Activity :: Where a picture appears, leave it out, and print the rest of the records as they are.

Records for the task ::
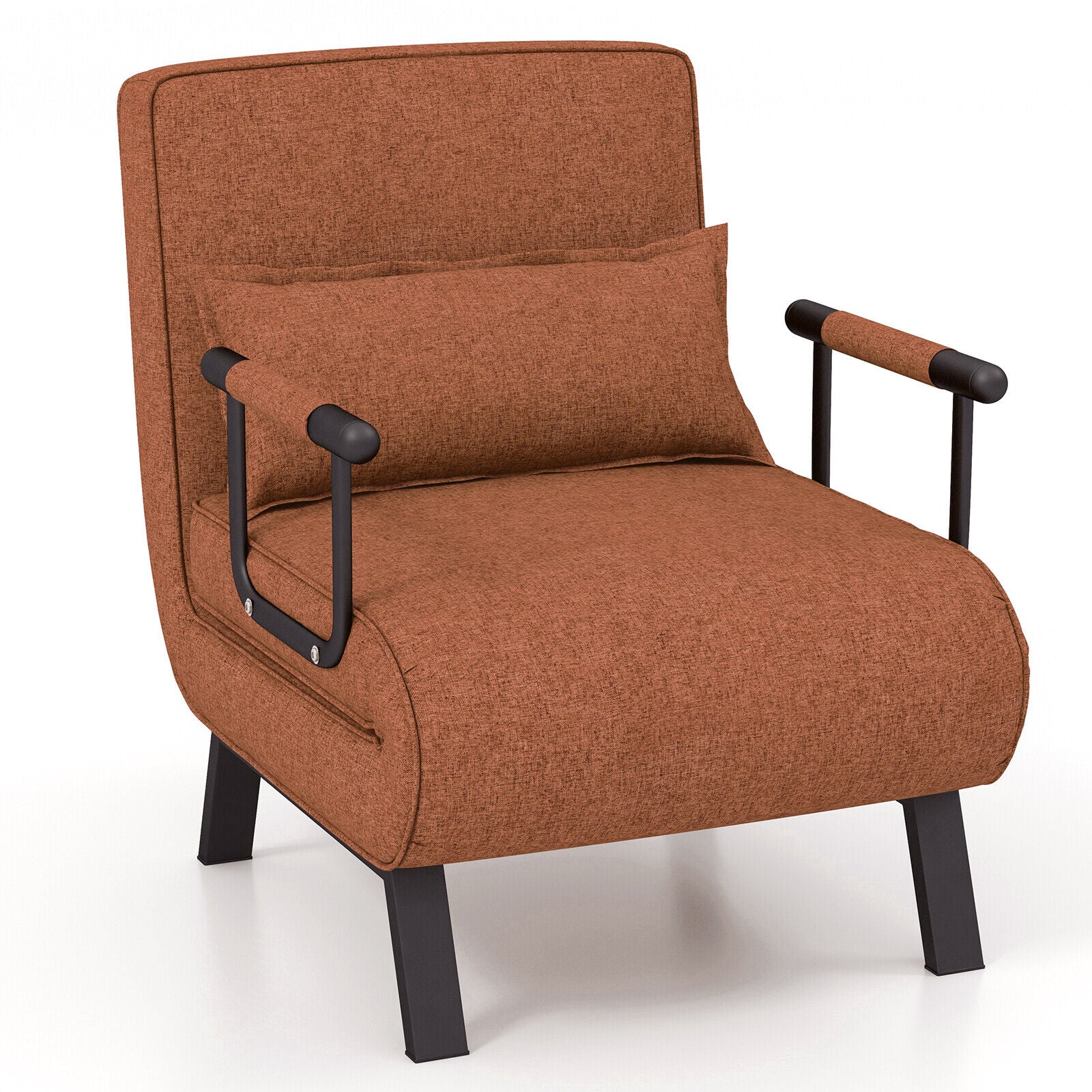 Folding 6 Position Convertible Sleeper Bed Armchair Lounge Couch with Pillow-CoffeeÂ 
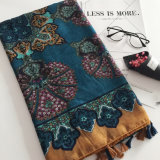 Vintage Ethnic Summer Printed Cotton Shawl Wrap, Tassel Scarves for Women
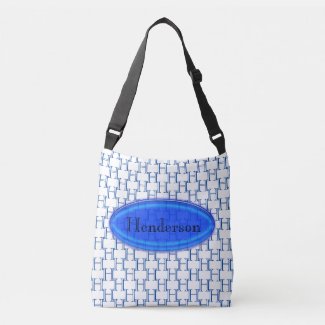 Tote Bag (ao) - Blue Nameplate and Initial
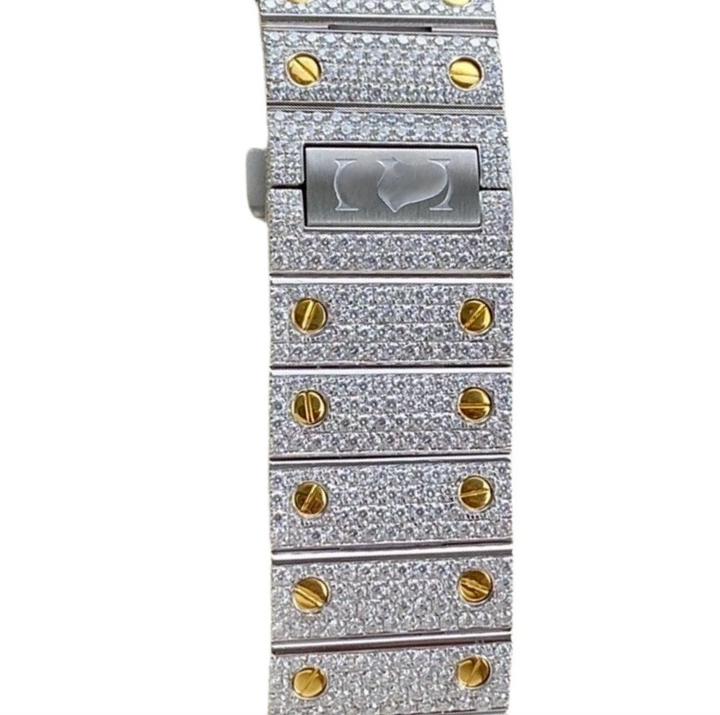 HI Cartier Skeleton Two Tone Yellow Gold Moissanite Watch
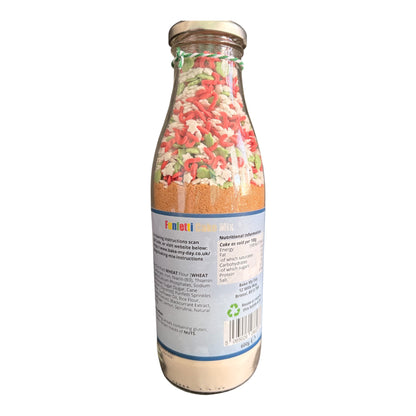 A glass bottle of Farneti Turrial flour, showing the back label and the colorful textured flour inside, set against a plain white background.
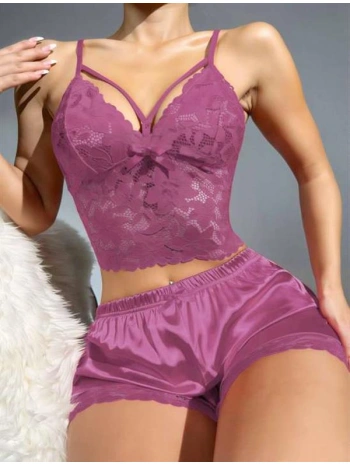 Dantelli Büstiyer İnce Askılı Lila Saten Şortlu Takım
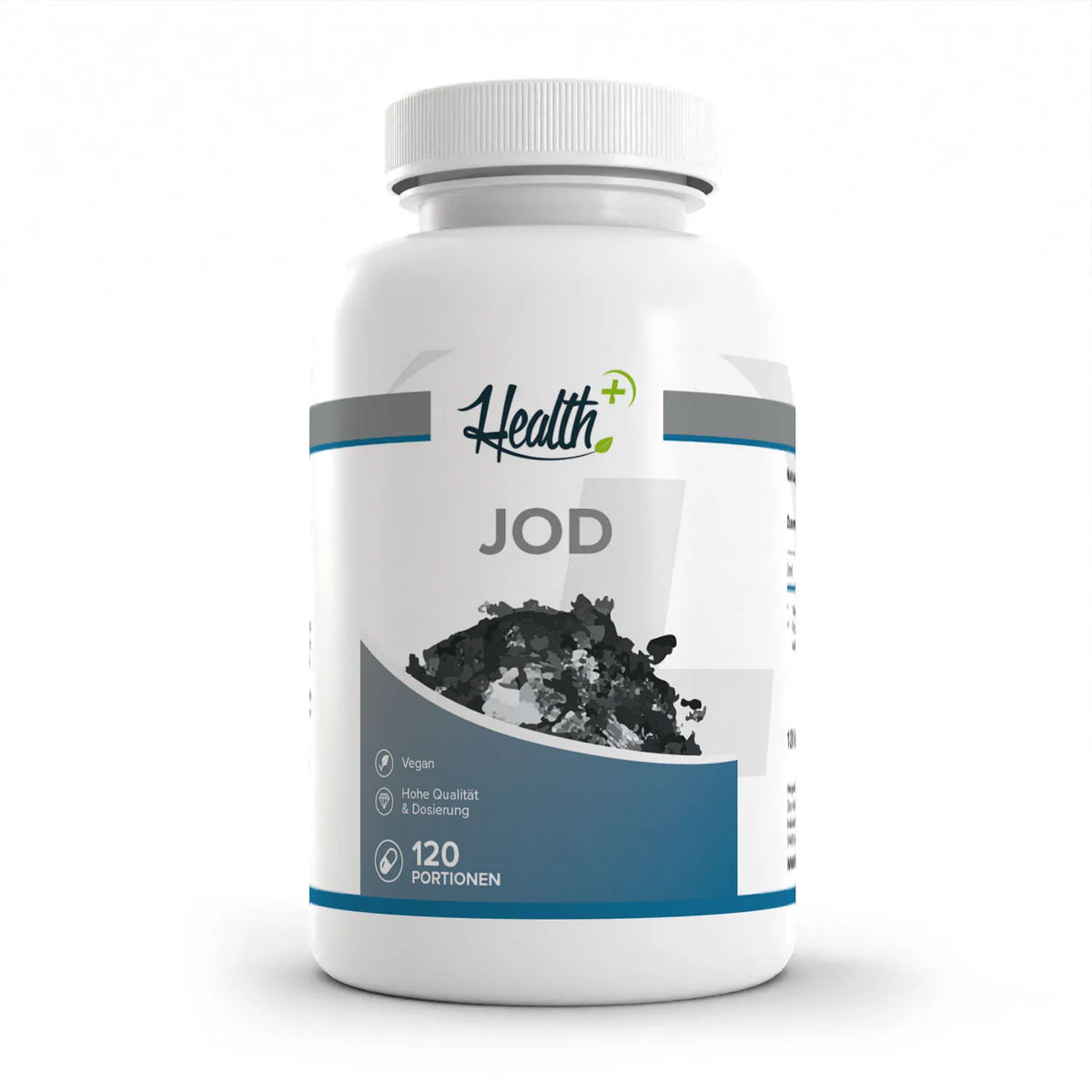 Healthplus Jod 120 Kapseln Vorderseite weiße Kunststoffdose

Solution to this problem ::
 Folding 6 Position Convertible Sleeper Bed Armchair Lounge Couch with Pillow-CoffeeÂ 
 Vintage Ethnic Summer Printed Cotton Shawl Wrap, Tassel Scarves for Women
 Tote Bag (ao) - Blue Nameplate and Initial
 HI Cartier Skeleton Two Tone Yellow Gold Moissanite Watch
 A glass bottle of Farneti Turrial flour, showing the back label and the colorful textured flour inside, set against a plain white background.
 Dantelli Büstiyer İnce Askılı Lila Saten Şortlu Takım
 Healthplus Jod 120 Kapseln Vorderseite weiße Kunststoffdose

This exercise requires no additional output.